Recent Changes by the Government would help Milk Producers and Consumers Alike


During the last week there are many changes that the new government has carried out are likely to support cheaper milk production. The changes include the announcement by the government to remove a 15% customs duty on oil cake and oilmeal, removal of 15% customs duty on de-oiled soya extract, scrap the incentive on export of oil cakes and other ingredients used in manufacture of cattle feeds, scrap the incentive on export of skimmed milk powder (SMP), scrap the incentive on export of buffalo meat. These would impact the improvement in productivity of cows and buffaloes, improve milk production and reduce the cost of milk production. The fear of failing monsoons is lurking heavy on inflation on food products and the government seems determined to take all actions that can tame inflation.

In the past there has been substantial increase in the cost of oilcakes and other ingredients used in manufacture of cattle and poultry feeds. It is well known that more than 60% of cost of producing milk comprises the feeds and fodders given to cows and buffaloes. As a result of increase in the cost of cattle feed ingredients, the cost of production of milk has been increasing. The combined action of scrapping the incentive on export of oilseeds and oilmeals plus the removal of customs duty on oil cakes, and deoiled soya extract will help improve the supply of animal feed particularly at a time when the market anticipates lower rains to hurt oilseed production.
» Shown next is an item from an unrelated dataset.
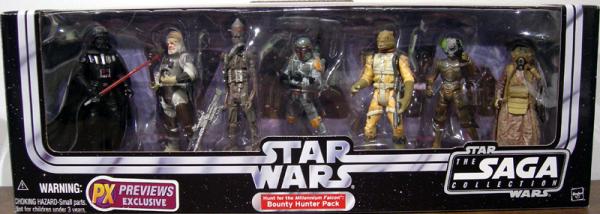 Hunt for the Millennium Falcon: Bounty Hunter 7-Pack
The Finance minister has proposed to lift the duty on groundnut oil cake, sunflower oil cake, canola oil cake, mustard oil cake, rice bran oil cake and palm kernel cake until the end of this year. Importers of de-oiled soya extract, groundnut oil cake meal, sunflower oil cake meal and mustard oil cake meal, deoiled soya extracts will get the benefit. These will bring down the market sentiment and make these products cheaper in the country. Thus India can expect the imports to increase and exports to decline. This would help bring down the prices of feeds for cattle, buffaloes, poultry and fish and thus reduce the cost production of milk, eggs, poultry meat and fish.

The Cabinet Committee on Economic Affairs (CCEA) decided to withdraw 5 per cent incentive offered to SMP exporters but has not completely banned the export of SMP. It was in June 2012 that the previous government had lifted the ban on SMP exports and included this product under Vishesh Krishi and Gram Udyog Yojana under which exporters can avail five per cent duty credit scrip on export value. During 2013-14 India exported about 1.2 lakh tonnes of SMP valued at about Rs 3,000 crore. As a result these export the consumer prices of liquid milk had increase between Rs. 2 and 4. Major milk suppliers, including Amul and Mother Dairy, had raised prices of various varieties of milk across India. The withdrawal of incentive on export is not likely to have any impact on exports because the international prices of milk are much lower as compared to the milk price in India.
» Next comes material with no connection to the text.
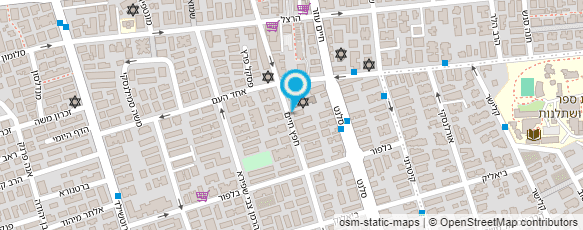 מפת הגעה אל בני עקיבא -מלבס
The combined impact of increase in the cost of cattle feeds and export of large quantities of SMP had forced the dairies in India to pay higher price to the milk producers. While the consumers of milk did suffer, the milk producers were very delighted at this change. Consequently, it is also expected that the rate of growth in milk production in the last fiscal was higher than it was the previous year. It is expected that milk production during the fiscal 2013-14 was between 139-141 million tonnes. As the largest producer of milk in the rate of growth of more than 4% in a year in milk production is very significant as compared to the world growth being less than 2% per annum.
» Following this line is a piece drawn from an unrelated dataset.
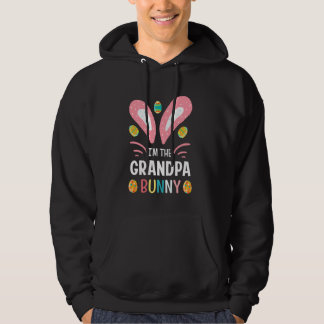 Ich bin der Großvater Bunny Funny Funny Opa Ostero Hoodie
During the forthcoming year the farmers are likely to face a drought like situation. If India can keep ensure easy availability of feed ingredients and that too a cheaper cost, sure the milk producers would be able to survive the bad weather. Cost of producing milk being cheaper, it would not be necessary to increase the prices of milk payable to the milk producers. This would control the inflation in milk and milk products and bring some cheer to the consumers.